En conclusion: pas d’association significative entre d’une part une consommation «faible à modérée» d'alcool par la femme enceinte ou une consommation excessive («plus de 5 verres» en une seule occasion hebdomadaire) au début ou à mi-grossesse et, d’autre part, le développement neurologique des enfants de cinq ans.
Prudence toutefois: les caractéristiques statistiques de cette étude («échantillon» de taille relativement réduite et «intervalles de confiance» très larges) laissent craindre qu’elle n’ait pas eu la puissance nécessaire pour détecter des effets subtils d’une consommation alcoolique modérée sur le développement neurologique de l’enfant. Des recherches complémentaires sont donc nécessaires pour en confirmer les résultats. Elle ne saurait à elle seule autoriser la levée des précautions aujourd’hui officiellement recommandées. Elle ne saurait surtout pas être utilisée par les fabricants des boissons alcooliques à des fins d’incitation indirecte à la consommation.
Ces données doivent être replacées dans un cadre plus général. Plusieurs recherches récentes convergent pour dire que la proportion de femmes jeunes consommatrices d’alcool augmente dans les pays industriels de même que de nombreuses femmes enceintes ne respectent pas les messages sanitaires les concernant. Ces résultats coïncident d’autre part avec une étude de l’Université de Boston publiée dans le Journal of Study on Alcohol and Drugs. Elle conclut (en dehors de la grossesse) que boire, modérément (soit de 1 à 3 verres de boissons alcooliques par semaine) aiderait à ressentir une certaine «qualité de vie», qualité supérieure à celle procurée par l’abstinence.

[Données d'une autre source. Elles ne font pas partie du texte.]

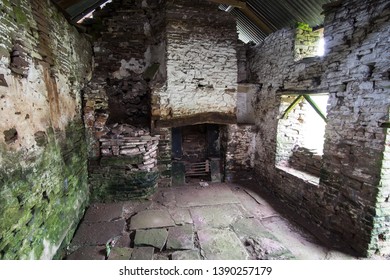 Monmouthshire, Wales, Britain, February 2017, Interior Of Derelict Farm Cottage With Old Fire Place And Stone Flag Floor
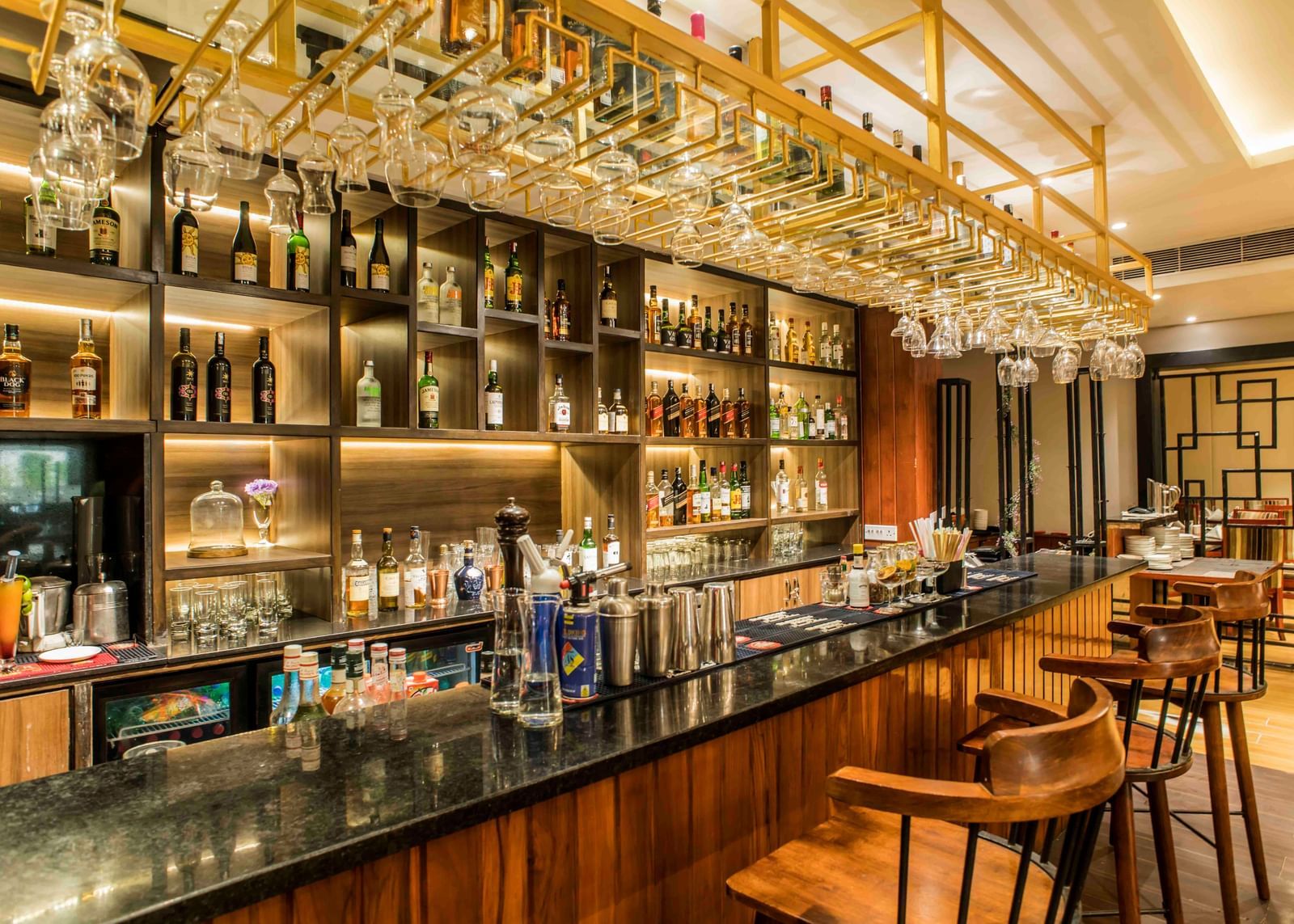 Well-stocked hotel bar with a dark countertop, multiple stools, and illuminated liquor bottles | The Citi Residenci Hotel Durgapur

Ces résultats ont été obtenus sur un échantillon de 5.404 Canadiens âgés de 50 ans et plus. Des évaluations répétées durant une période de quatorze ans ont permis aux auteurs de classer les participants en fonction des changements dans leurs habitudes de consommation et d’identifier les buveurs modérés persistants.

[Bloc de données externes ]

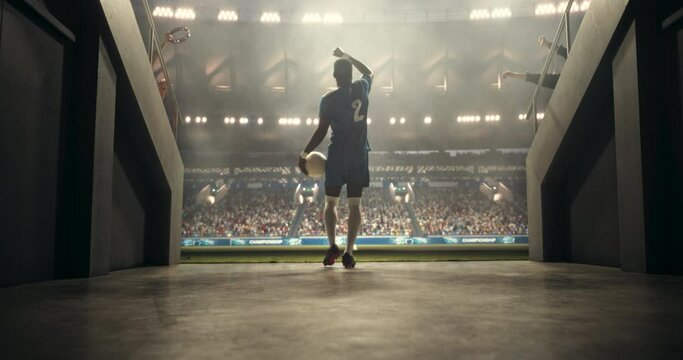 Soccer Stadium Tunnel: Athletic African Football Player Walking Out to the Field Before a Championship Match. Excited Crowd of Spectators Cheering for Their Favorite MVP Footballer. Warm Color Grading - Powered by Adobe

Les enquêteurs concluent en substance que les buveurs modérés réguliers ont des niveaux de qualité de vie en moyenne supérieur que les abstinents et que la poursuite d’une consommation modérée n’impacte pas significativement l’évolution de cette qualité de vie. Question: peut-on ainsi mettre si facilement en rapport une notion aussi complexe que la «qualité de vie» avec la seule consommation (modérée) d’alcool?